リモートワークの拡大やリモートワークとの併用が、コロナ禍で広がりを見せるなか、オフィスの役割が改めて見直されています。完全にリモートワークのみで対応できている企業は少なく、リモートワークのみで対応できない問題としては、一番大きなものに社員間のコミュニケーションがあります。
Web会議と対面会議のどちらが良いかというアンケートなどをみても、どちらかに偏ることなく評価が拮抗しているという結果が多くみられます。 この結果から言えることは、少なくともリモートワークとオフィスワーク、どちらかが優れているということは現状ではないということです。
そのため、これからの企業の働き方は、リモートワークとオフィスワークの併用を前提として考えていく必要があります。
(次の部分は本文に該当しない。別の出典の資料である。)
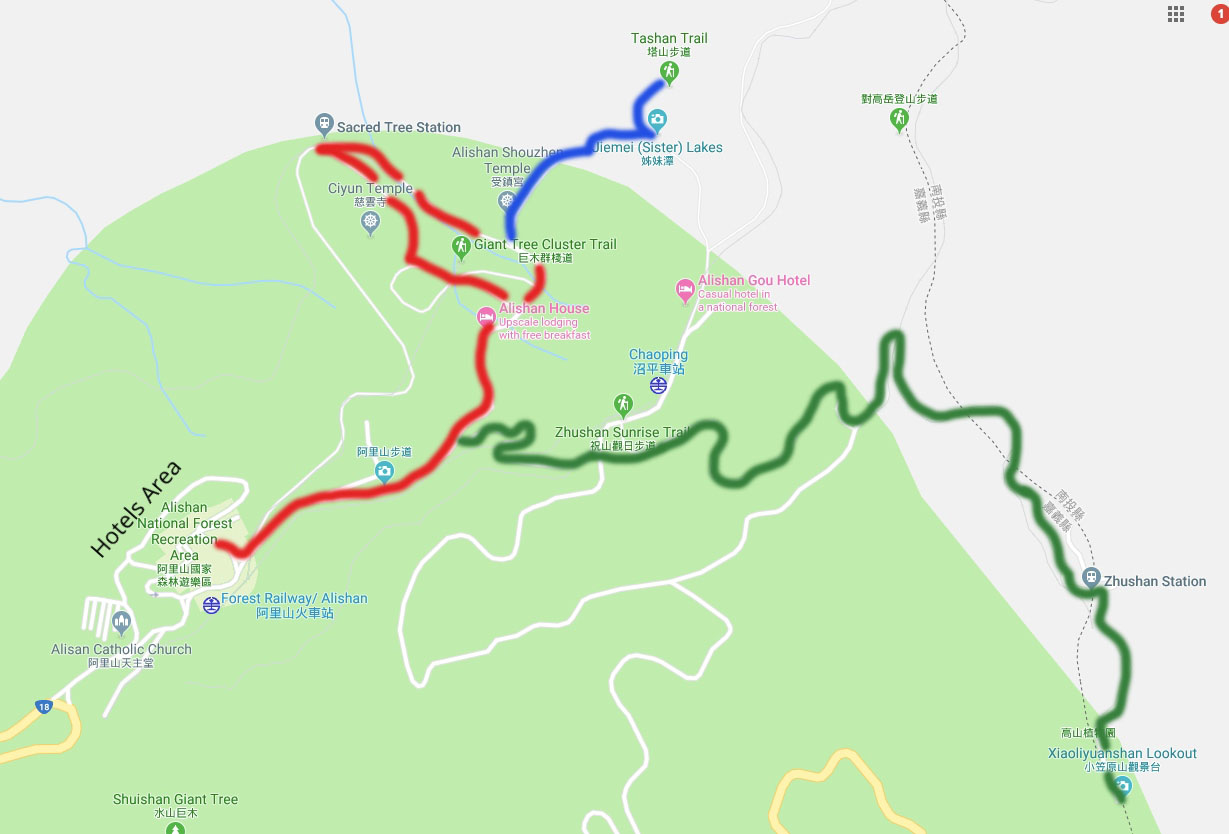 Alishan Map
リモートワークとオフィスワークを併用するならば、今まで必要であった程のデスク数やオフィス面積は間違いなく必要ありません。
その代わり、リモートでのWEB会議などに対応したスペースが、これまで以上に必要になってくることが予想されます。
また、経営者の視点になって、アフターコロナのオフィスの役割・価値を考えると、リモートワークの普及やソーシャルディスタンスへの考えだけではなく、他の要素も中長期的な視点をもって考える必要があります。
それは業務のアウトソーシングや、AI・ロボットの普及です。
ここ最近、業務のアウトソーシングを行う市場が継続的に拡大しています。
今までアウトソーシングというと、自社ではカバーできない専門領域のみアウトソーシングするといった考えが主流でしたが、最近では非常に簡単な業務までアウトソーシングできる環境になってきています。
例えばですが、電話を受け取って単純にテキスト化し社内チャットに投稿するようなアウトソーシングが、なんと月額1万円から利用できたります。
またAIの発展により、今まで社員が行っていた業務が、人ではなくAIによって可能になって来ています。
顕著な例としては、銀行業界ではAIを活用したRPAにより、近年で社員の1/3の業務が圧縮できるという見通しがあり、大規模なリストラ・退職奨励が進んでいます。
つまり企業・経営者の立場からすると、単純な業務を回すために大量の社員を雇用する必要ではなくなってきた、または必要性が下がってきたということが言えるのです。
逆にこれを従業員の立場から考えると、アウトソーシングやAIで代替できる仕事というのは、やりがいの少ないストレスフルな仕事であるともいえます。やりがいの少ない仕事を続け、ストレスを抱えるデメリットに対して、支払われる給与のバランスがとれなくなってきているという現状も併せて考える必要があるでしょう。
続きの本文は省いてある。